The Global Citizen: Take Action
By a margin of 78-22, the Violence Against Women Act passed in the Senate. Last year—that’s 501 days ago to be exact—Congress let VAWA expire for the first time since it was introduced and passed in 1994. The President released a statement of gratitude:
Today the Senate passed a strong bipartisan bill to reauthorize and strengthen the Violence Against Women Act. This important step shows what we can do when we come together across party lines to take up a just cause. The bill passed by the Senate will help reduce homicides that occur from domestic violence, improve the criminal justice response to rape and sexual assault, address the high rates of dating violence experienced by young women, and provide justice to the most vulnerable among us. I want to thank Senator Leahy and his colleagues from both sides of the aisle for the leadership they have shown on behalf of victims of abuse. It's now time for the House to follow suit and send this bill to my desk so that I can sign it into law.

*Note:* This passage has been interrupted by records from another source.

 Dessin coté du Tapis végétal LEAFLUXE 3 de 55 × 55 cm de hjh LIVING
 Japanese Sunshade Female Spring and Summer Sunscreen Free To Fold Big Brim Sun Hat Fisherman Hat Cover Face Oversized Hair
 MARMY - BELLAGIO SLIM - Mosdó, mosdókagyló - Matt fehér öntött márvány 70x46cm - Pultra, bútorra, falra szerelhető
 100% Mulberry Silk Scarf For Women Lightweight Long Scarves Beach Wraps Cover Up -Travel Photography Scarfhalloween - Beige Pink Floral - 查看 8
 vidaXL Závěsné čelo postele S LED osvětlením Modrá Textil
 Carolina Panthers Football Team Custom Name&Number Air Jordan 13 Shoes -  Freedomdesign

When: Saturday, February 9, 2013 from 1-2pm EST
Register Here: http://www.globalsolutions.org/evaw
The headlines are heart-breaking and gut-wrenching. From India to Ohio and beyond, we see stories of women subjected to gender-based violence, rape, and abuse. As 1 in 3 women will be raped or attacked in her lifetime, how can we as global citizens rise up and solve this global crisis?

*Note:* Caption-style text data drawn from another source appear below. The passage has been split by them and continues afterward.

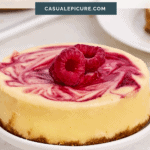 pinterest pin for raspberry cheesecake.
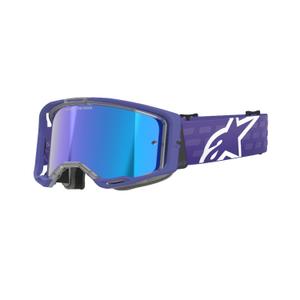 Очила за мотокрос Alpinestars Vision 8 Corp лилави с огледални сини лещи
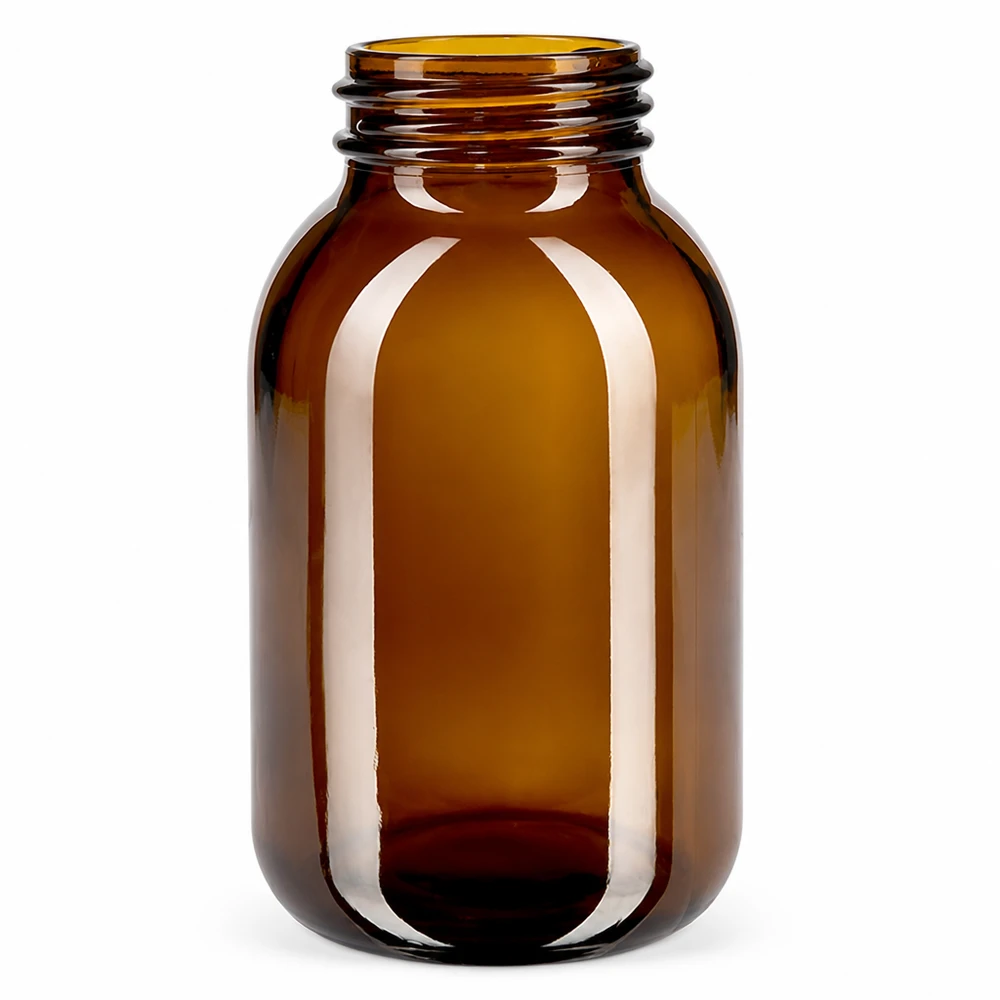 500ml wijdhalsfles van amberkleurig glas voor farmaceutische en cosmetische toepassingen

Join GlobalSolutions.org as we talk with Eleanor Smeal of the Feminist Majority and women’s rights advocate Sandra Fluke! We will discuss what is happening on Capitol Hill: will Congress finally Ratify CEDAW? Or the Violence Against Women Act? We will discuss what the United States is and should be doing to fight this global epidemic, and how to mobilize the youth to get involved and become the next generation of crusaders to fight violence against women. We will also talk about the One Billion Rising movement, and what you can do to get involved!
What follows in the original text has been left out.